TASK DESCRIPTION – Starting at the line where "Image of Biohort" occurs, reproduce each line through the end of the entries below exactly. Omit every picture.

DATA UNDER STUDY –
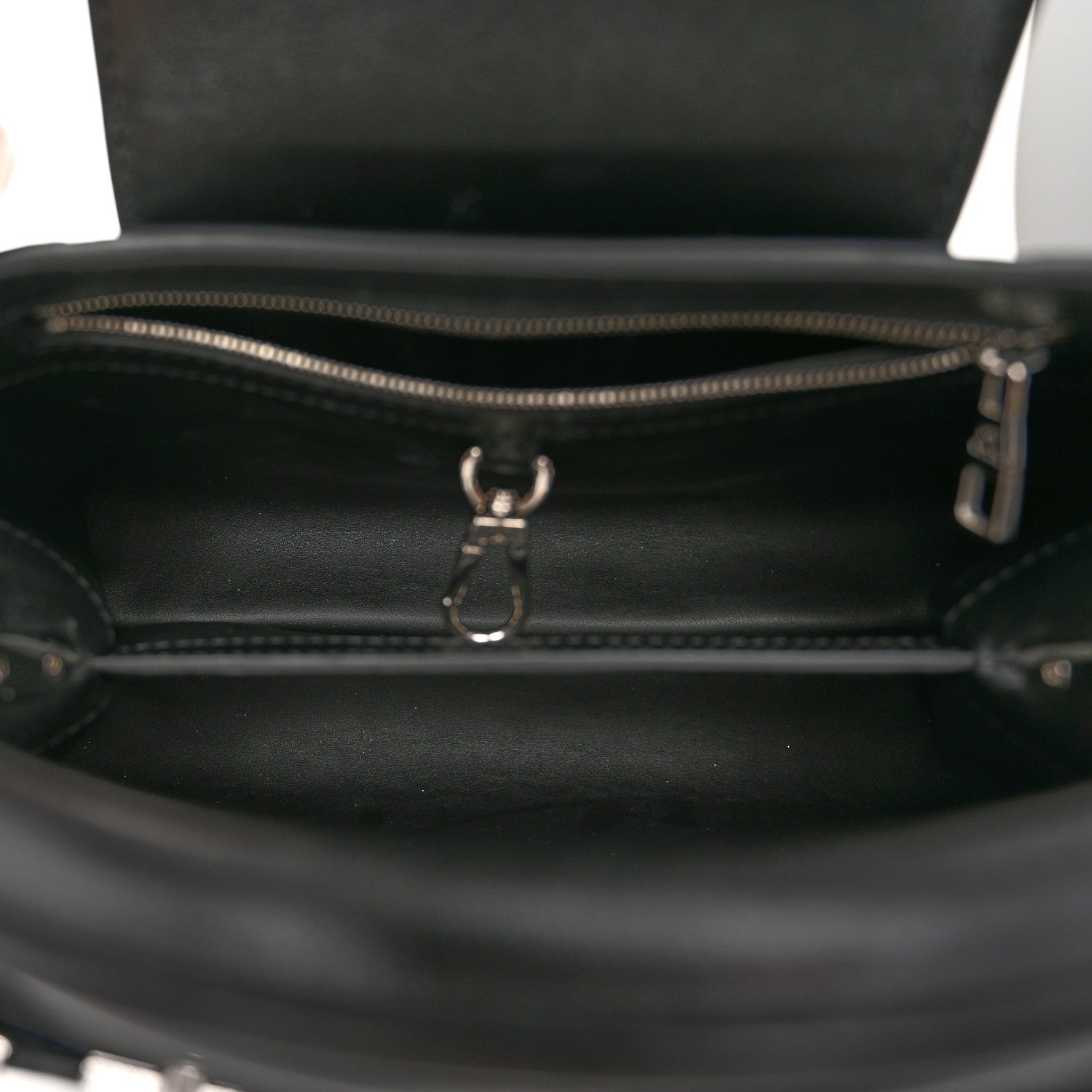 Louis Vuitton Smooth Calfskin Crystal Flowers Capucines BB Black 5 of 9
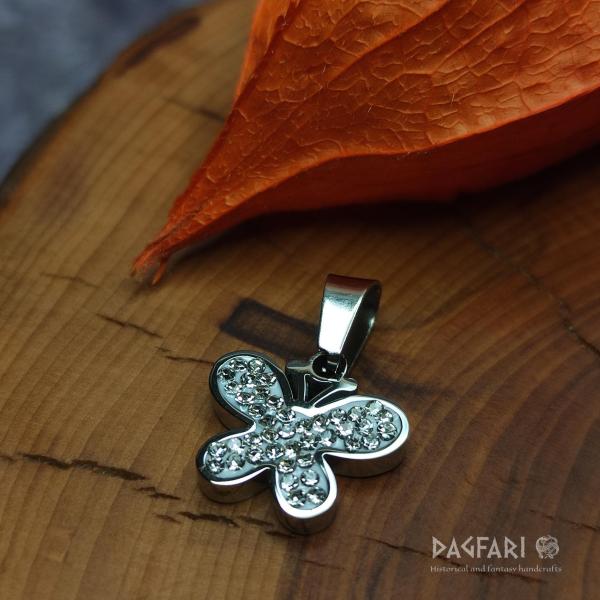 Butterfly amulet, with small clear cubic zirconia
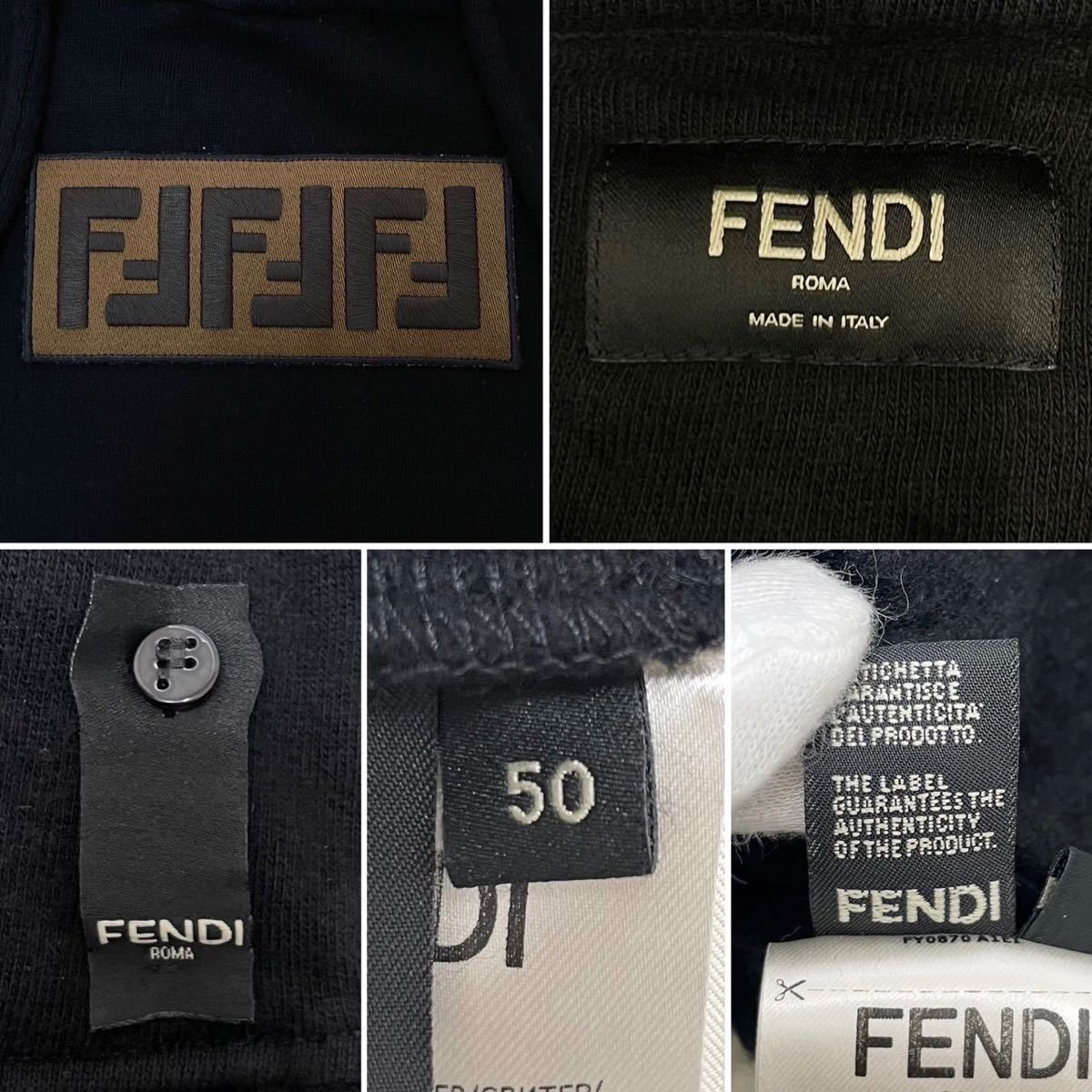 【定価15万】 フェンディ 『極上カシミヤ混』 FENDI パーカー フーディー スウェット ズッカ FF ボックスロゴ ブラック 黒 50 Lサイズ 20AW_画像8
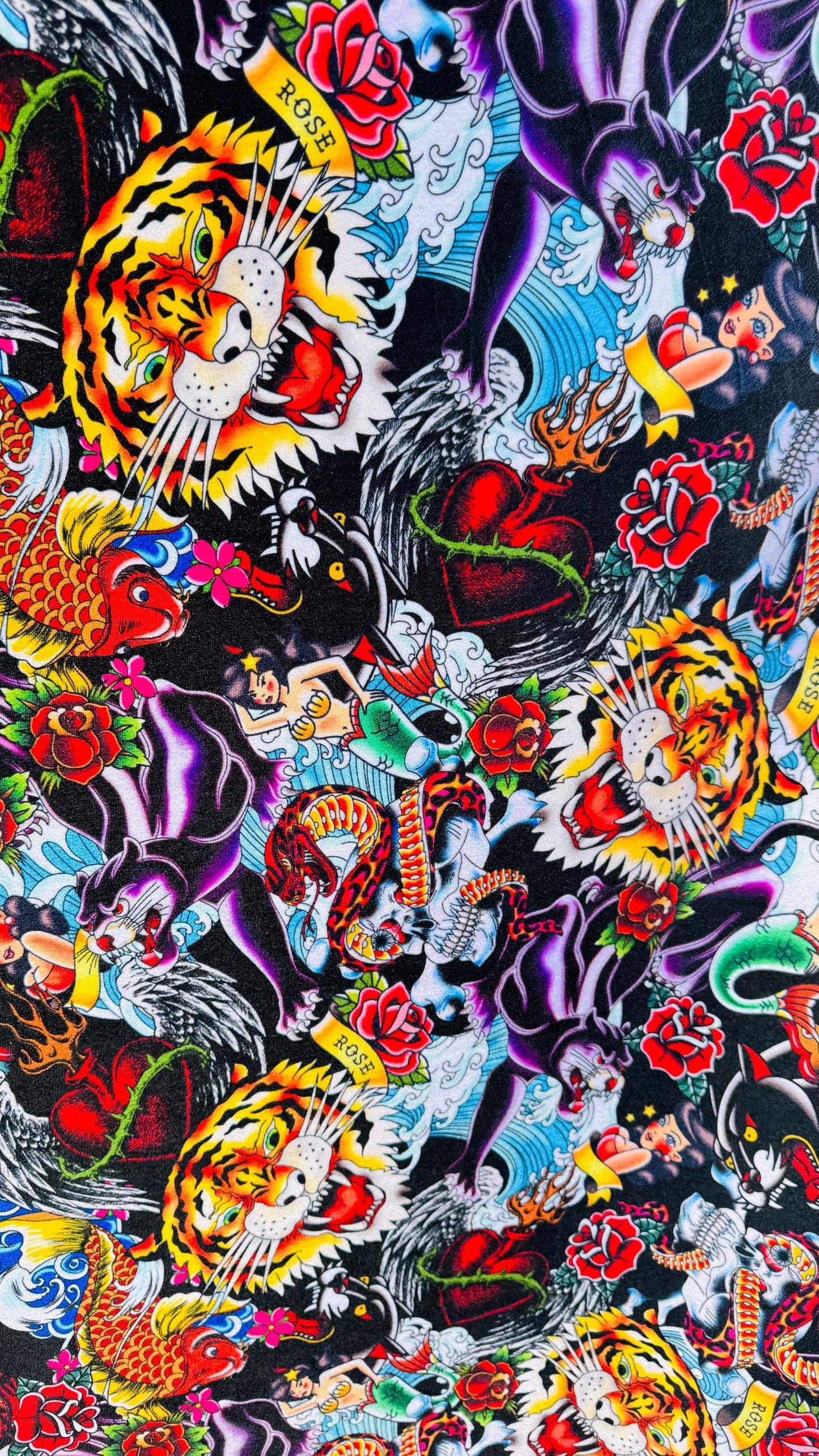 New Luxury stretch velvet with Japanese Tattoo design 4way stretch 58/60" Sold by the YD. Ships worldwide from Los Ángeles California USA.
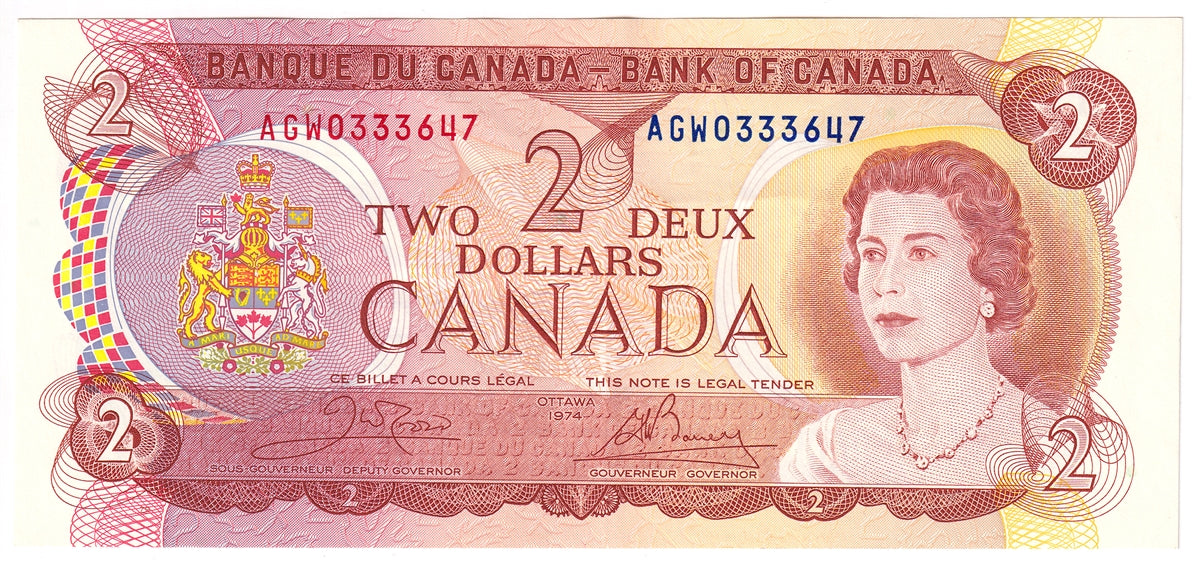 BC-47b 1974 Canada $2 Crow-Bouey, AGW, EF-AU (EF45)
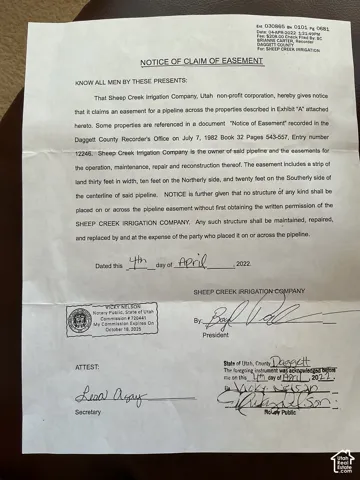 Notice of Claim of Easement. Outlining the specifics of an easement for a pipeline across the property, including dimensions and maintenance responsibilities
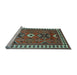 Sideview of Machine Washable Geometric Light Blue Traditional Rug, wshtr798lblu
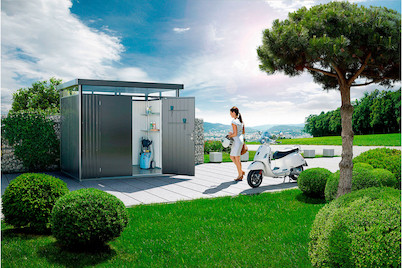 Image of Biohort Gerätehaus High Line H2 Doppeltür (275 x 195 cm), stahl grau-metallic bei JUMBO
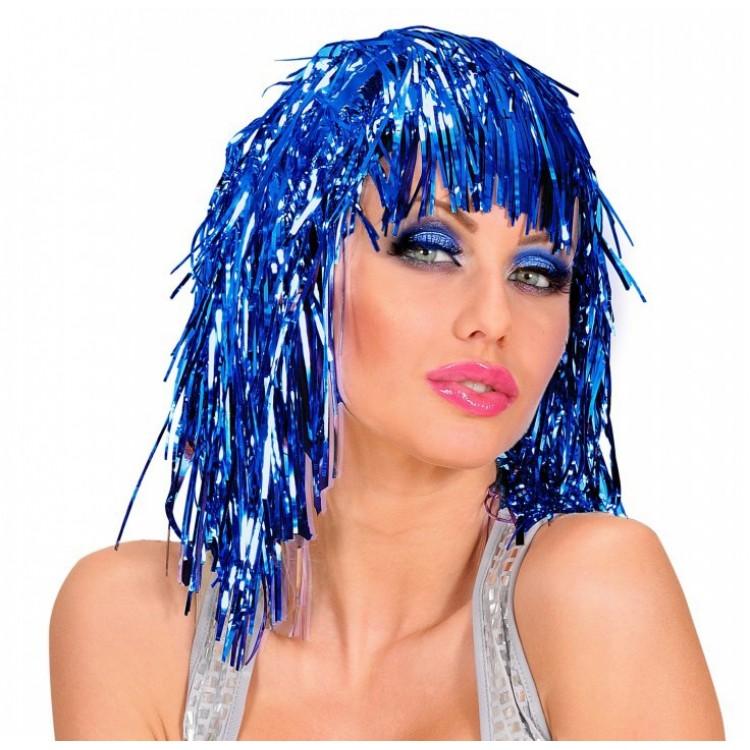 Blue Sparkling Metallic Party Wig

RESULT BELOW –
 Image of Biohort Gerätehaus High Line H2 Doppeltür (275 x 195 cm), stahl grau-metallic bei JUMBO
 Blue Sparkling Metallic Party Wig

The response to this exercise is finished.